Probabilistic connectivity mapping with GFA and sFA clearly outperform the other methods (Figure 2) on both ground truths and goodness measures. The sFA was slightly better with the partial AUC measure and GFA for the top-10 MAP measure. Bayesian PCA clearly performed worse, indicating that the sparsity assumptions made in GFA and sFA are important for capturing the relevant responses from the data.

Figure 2
figure 2

Probabilistic connectivity mapping outperforms earlier alternatives in retrieving similar drugs. The retrieval performance is indicated with two goodness measures (top row: partial AUC, bottom row: top-10 MAP) and two ground truths (left: ATC codes, right: Tanimoto similarity of the 2D fingerprints of the drugs). Probabilistic connectivity mapping (purple color) is performed with three models: Group Factor Analysis (GFA), sparse factor analysis (sFA), and Bayesian PCA (BPCA). These are compared to two earlier connectivity mapping methods (orange color): rank-based average enrichment-score distance (AESD) and the Pearson correlation over the differential expression profiles (COR).

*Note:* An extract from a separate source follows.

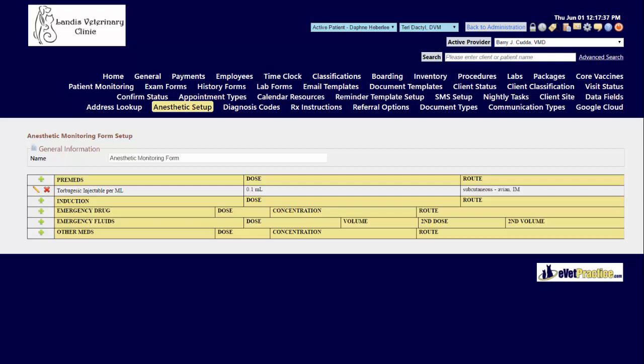You have the ability to add in your meds for pre-population for pre-meds, induction, emergency drug, emergency fluid, and the other medication section.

In the experiments of Figure 2, we used all factors, as that turned out to produce the best absolute retrieval performance for this data. We next investigated the possible benefits of focusing on the factors shared by the cell lines. The retrieval was based on the most active shared factors (from GFA), and compared to the performance with an equal number of the most active factors that are specific to one cell line. Additionally, we compared this to the most active factors from sFA. Figure 3 shows that the shared factors produce better retrieval almost everywhere. These results suggest that the explicit group-wise sparsity assumption in GFA, resulting in the decomposition to shared and specific effects, is beneficial in modeling data from multiple cell lines.

Figure 3
figure 3

Factors shared across multiple cell lines are more informative for retrieval performance than cell-line-specific factors. Retrieval performance is shown for the top shared (solid line) and specific (dotted line) factors from GFA (green color) and sFA (brown color), as a function of the number of top factors. Factors were selected based on the highest α parameter values.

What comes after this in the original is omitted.